The media training project provided an excellent opportunity to learn about the community through their stories, their aims, their anxieties, and their impediments. The method of engagement with this community was designed to build a relationship of trust, friendship, and exchange of knowledge. Although artificial in certain respects, this project allowed the Karen and Burman to reveal their attitudes and opinions through their engagements with specific tasks. This also helped in the analysis and understanding of the series of events that arose when the group’s project blog was hacked. From an ethnographic point of view, the situation observed took place in a shared virtual environment whose ownership and control came into question at the point of being hacked. Our insight into the community through contact with community leaders, participants in our training, media created for the project, and observations provided important background knowledge for interpreting and making sense of the hacking attack.

Analyzing discourse

Although there was quite extensive material posted on the blog, the material focused on here has been selected by one of the community informants for the attention of the project organizers. The editorial decisions in presenting these as particularly important made them significant in terms of their impact and meaningfulness to the Karen community. The names used in the flaming incident have been concealed to protect their identities and to avoid further dissemination of the allegations and threats made to specific individuals.

We have provided a discourse analysis of this key textual material from these events, which helps to dissect the language of terror within the rubric of actual collective and individual community experience. This approach helps to explain why the threats, insults, and insinuations were experienced as very real. A discourse was reified and combined with lived experience to recall traumas of the past and create new ones in an apparently safe and free context.

The hacking incident

Toward the end of the project, there was a substantial amount of audio, video, and text content that the community had created and displayed on a blog site. At this point, a concerned Karen community leader alerted us to an abuse of the project blog. This constituted an online smear campaign toward community members and activists from the Karen community, many of whom were also participants in the training project.

Although we were aware at the outset that there were possible sensitivities and suspicions that could arise with the ethnic mix of students, we expected that any Burmese government interference might be taken against the university or perhaps the collective group of participating students. The specific ways in which conflict occurred was surprising to us in its nature, form, and consequences, illustrating how difficult it is to predict or control the way that media use develops in any particular situation.

Initially these concerns were raised alongside the idea that the abuse had been done by someone in the group who was a spy. The reasoning behind this, from the community leader’s perspective, was that the messages and content contained personal information that only the community could know. Another justification in support of the spy suspicion was that a video of the group during the very first session (which was not on the blog) had been uploaded onto YouTube. However, a video of the session was uploaded on a different website by an external project coordinator and was probably accessed by the hackers in this way. The Karen community was not aware of this, nor were Sheffield Hallam University staff (who were co-delivering the training with the external contractors), until after the project had finished. This also shows how surveillance of our online activities began at quite an early stage.

The event sent waves though the community, partly because of the nature of the comments and partly because of the trust community members felt they had given to the university.

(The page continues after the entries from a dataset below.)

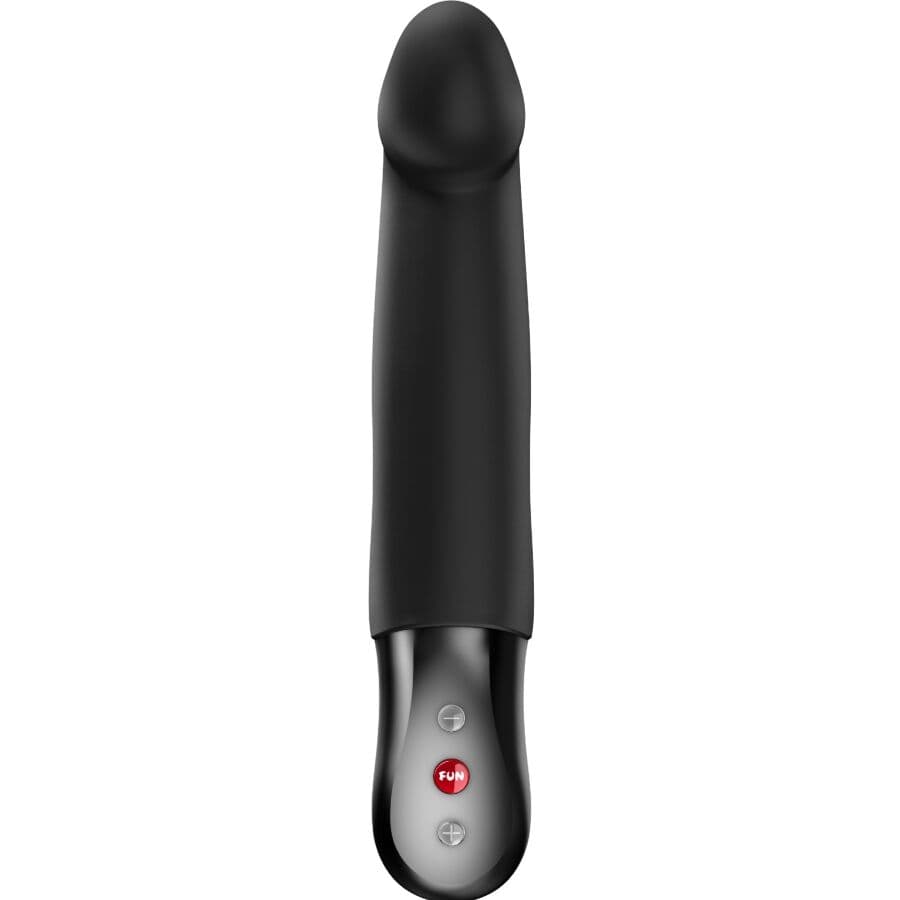 Fun Factory Stronic Real – realistischer Pulsator mit Stoßfunktion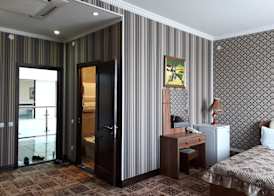 Seoul Hotel 2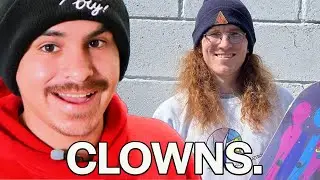 Carlos Finally Speaks out and its Tragic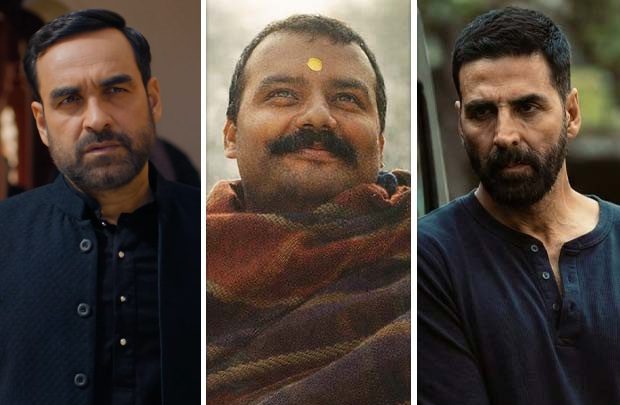 Thursday DEADLOCK AGAIN! Mirzapur The Movie, Hanuman Ansh, Haiwaan leave single screens STRUGGLING to divide shows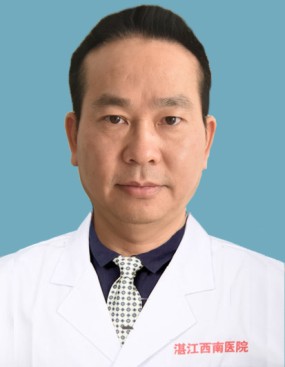 李靖宇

Also, importantly, it connected with their previous experiences with the Burmese government and military. In fact, it was surprising that they continued to attend the final few sessions (although in admittedly fewer numbers). An investigation by university information networking technology experts indicated the IP (Internet Protocol) address of the hacker was in Thailand. However, from the community members’ point of view, this was a dramatic manifestation of the long arm of the Burmese regime. They understood this to be part of the psychological and physical warfare that extended from the ethnic cleansing of Karen communities in Burma, now extended to a newer, “virtual” location. It raised the question of whether there was someone in the community who had tipped off the hackers in Thailand or whether the hackers just found the project information from random search engines (the project particularly highlighted and advertised its purpose online, which was to provide journalistic skills to the Karen community). From the community’s perspective, whether there was an informant in the group or someone was posting messages from Thailand, it highlighted a threat that spies continued to monitor and harass them.

Community leaders were asked to translate some of the messages to help provide the project co-ordinators with a clearer understanding of the incident. The hacked accounts posted sexual images and derogatory content (see translations in the appendix). One participant reported receiving an email threatening the participant’s family and including specific names and personal information. Another participant reported receiving threatening emails and text messages to a mobile phone—again about the participant’s family—and that the details in the email threats included information that only the community could know. User names on the blog were email addresses, so hackers had the email addresses to target the participants directly. Notably, they did not target any of the staff email accounts, nor did they target the Burman participants.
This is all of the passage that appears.